Selanjutnya sifat liquid diartikan sebagai flesibilitas dinamika politik yang tiba-tiba (turbulent) dan unpredictable. Tidak bisa diramalkan. Ini juga kerap berlangsung. Sifat kapilaritas air yang mampu merembes ke atas, memang berlawanan dengan sifat lainnya yang selalu mengalir ke tempat lebih rendah (top down). Secara manajemen, kapilaritas ini seperti bottom up process. Bisa jadi, kondisi tahun air nanti bahwa aspirasi akar rumput mampu mempengaruhi kalangan atas. Menjadi pertimbangan utama top level management. Entah semacam apa situasinya kelak. Power bawah mampu membuyarkan power atas.
Air itu memiliki massa atau berat. Maka sejalan dengan tahun mati = musyawarah, bahwa hasil keputusan terbaru nantinya memiliki daya dobrak dan power yang luar biasa. Dahulu, siapa sangka Polri bisa keluar dari ABRI; Tempo doeloe, siapa mengira UUD 1945 dapat diamandemen? Bisa jadi power perubahan nanti berupa dekrit untuk kembali ke UUD 1945, misalnya, atau pembubaran KPK, atau persekusi terhadap penjahat BLBI, dan seterusnya. Lagi-lagi, itu sekedar contoh pengandaian.
Kemudian sifat unik air bahwa ia mampu melarutkan beberapa zat. Ini sifat yang paling terkenal. Analogi situasi kelak di tahun air, bahwa bakal tersapu/larutnya partai-partai, atau ormas, paham, ideologi, golongan, dan lain-lain yang dianggap “sampah” dimana selama ini dianggap telah mengotori halaman rumah NKRI dari kajian Pancasila, maka kelak mereka akan tergulung oleh gelombang (air) perubahan di Bumi Pertiwi.

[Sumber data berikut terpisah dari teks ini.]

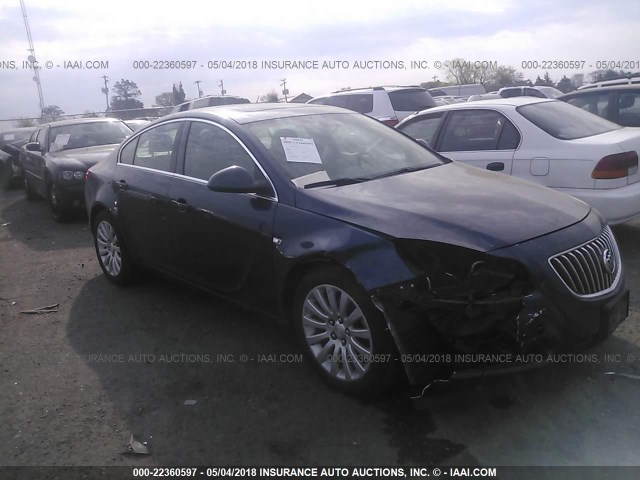 W04GS5EC9B1072377 - 2011 BUICK REGAL CXL BLUE photo 1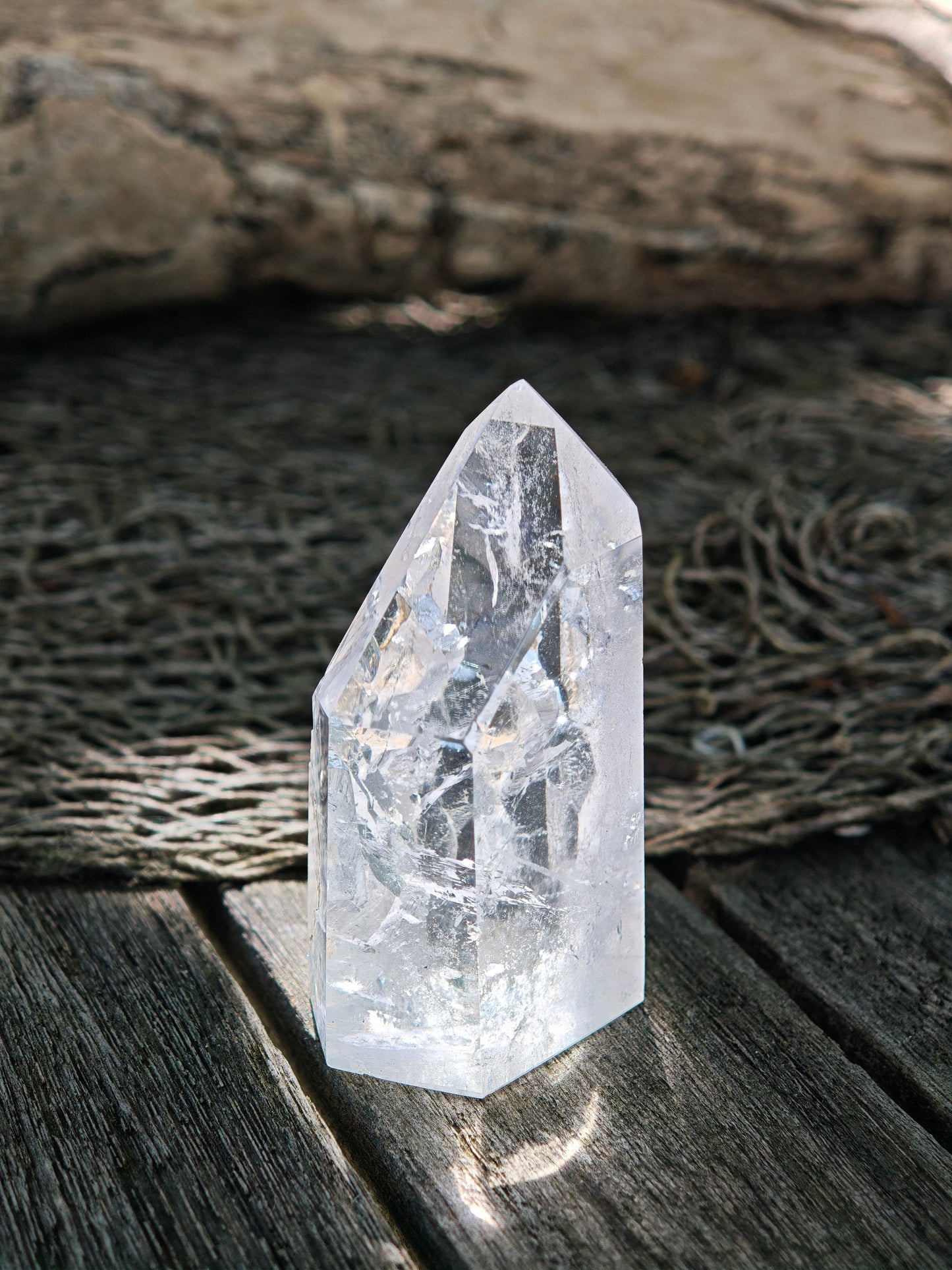 Bergkristall Spitze klar mit Einschlüssen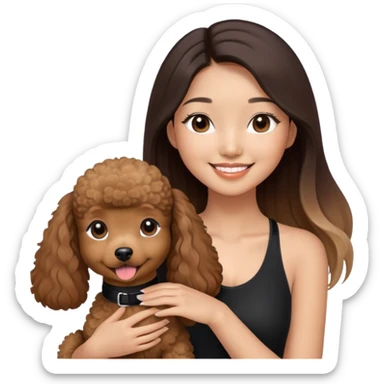 a asian girl with long straight balayage hair, long lashes, smiling, wearing black halterneck top, and holding a brown poodle sticker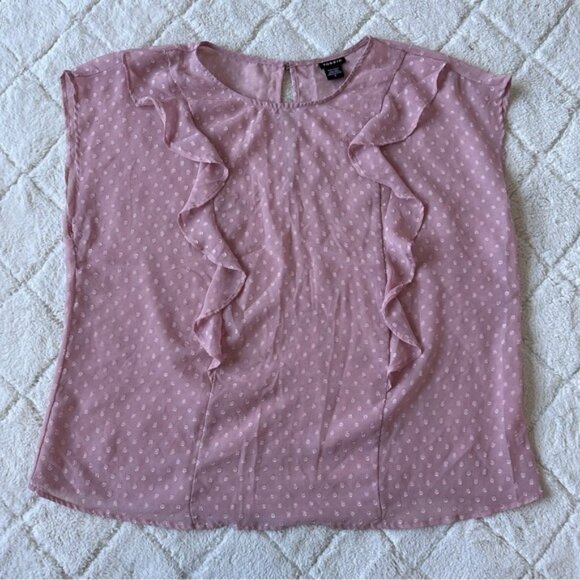 Torrid | Peach Swiss Dot Front Ruffle Chiffon Blouse | Size 0 - Picture 3 of 11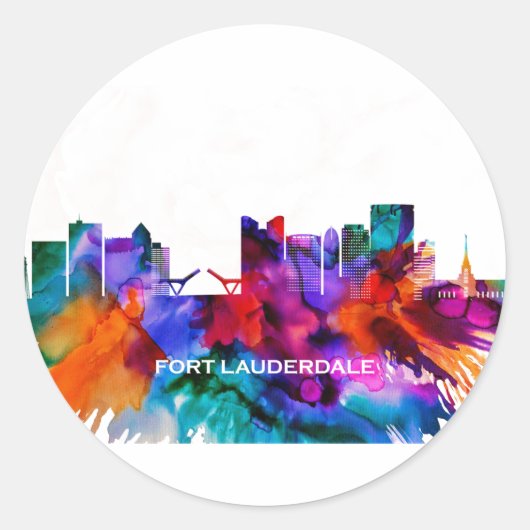 Fort Lauderdale Skyline Runder Aufkleber (Vorderseite)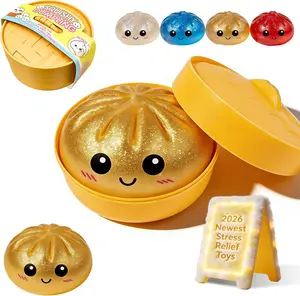 [Blind Box] 2026 New Glitter Dumpling Squishy with Steamer Box | Soft Sensory Fidget Steamed Bun Squeeze Tool for Adult Stress & Anxiety Relief, Home Office Party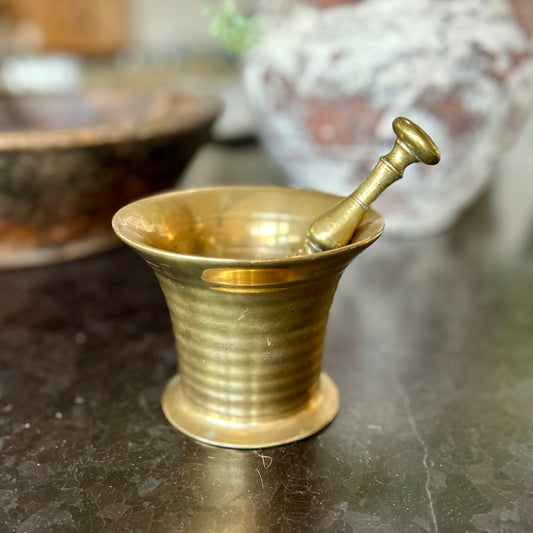 Antique Brass Mortar and Pestle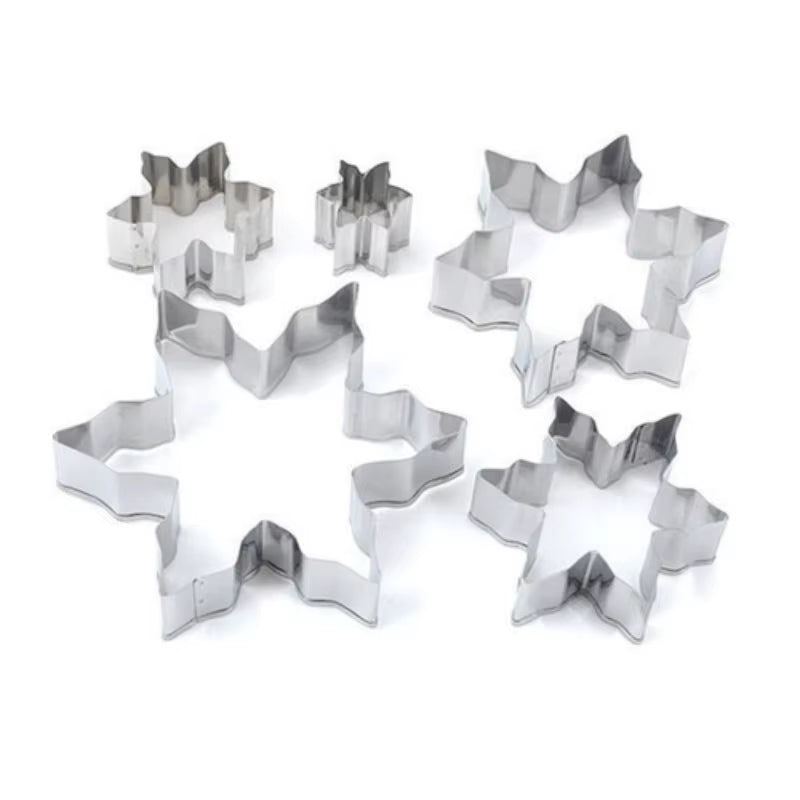 5-Piece Stainless Steel Snowflake Cookie Cutter Set - Perfect for Christmas Baking and Fondant Decorating!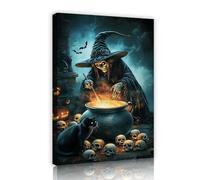 CHERHERART Witch Black Cat Canvas Wall Art Picture Mystical Print Poster Halloween Mural for Living Room Dining Home Decoration Artwork 50x75cm Innerframe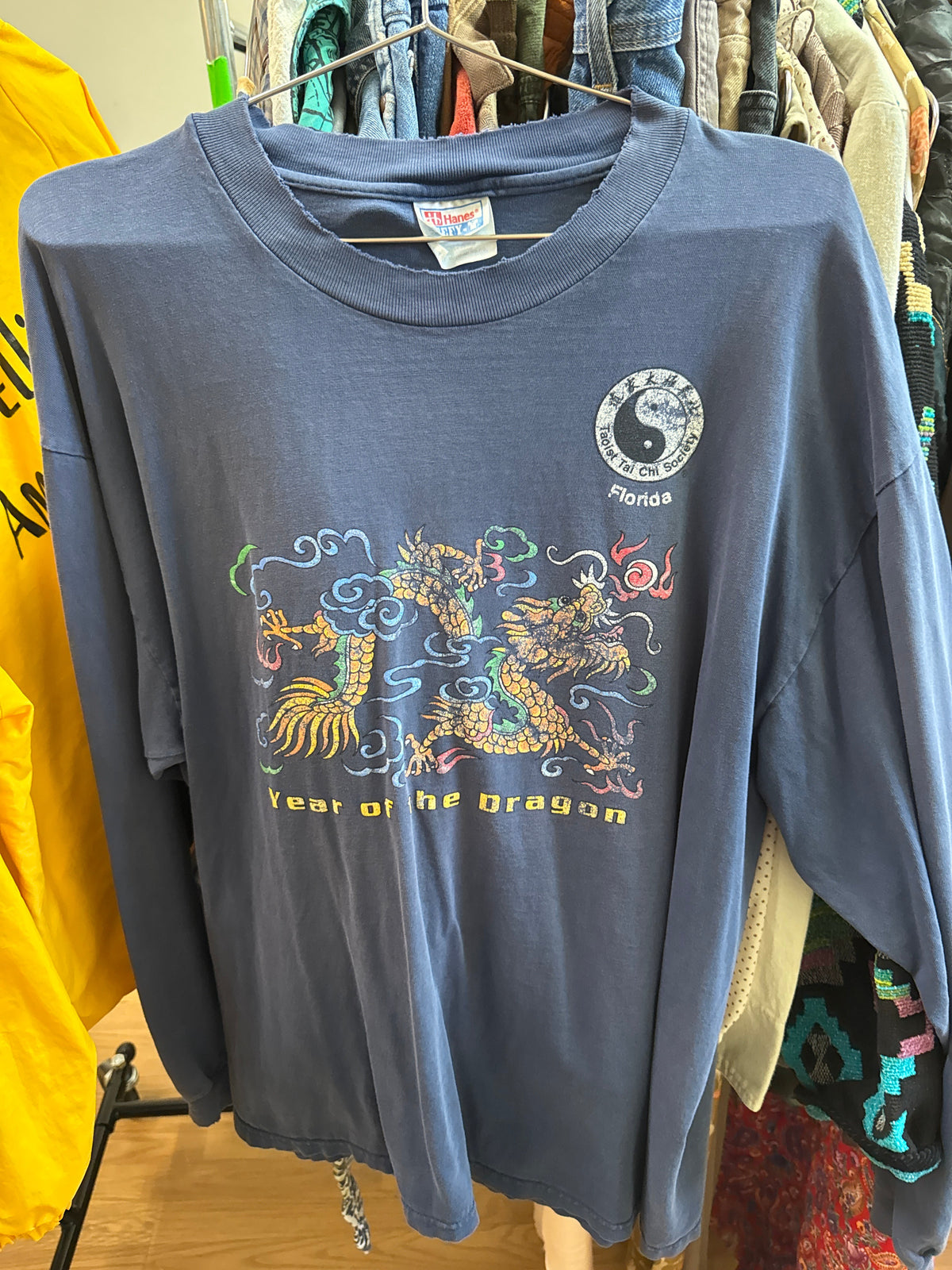 Vtg Worn Cotton Year of the Dragon LS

Sifat terakhir air adalah menekan di segala arah. Menyebar ke semua penjuru. Maknanya, bahwa daya dobrak perubahan bakal memasuki segala lini serta diterima hampir disemua strata dan lapisan sosial.
Gambaran di atas adalah prakiraan situasi perubahan di republik tercinta ini. Tidak ada niat menggurui siapapun, terutama para pihak yang berkompeten, ataupun tak ada maksud untuk meng-klaim kebenaran atas apa yang kelak terjadi yang melekat pada apapun skenario dalam Pilpres 2019.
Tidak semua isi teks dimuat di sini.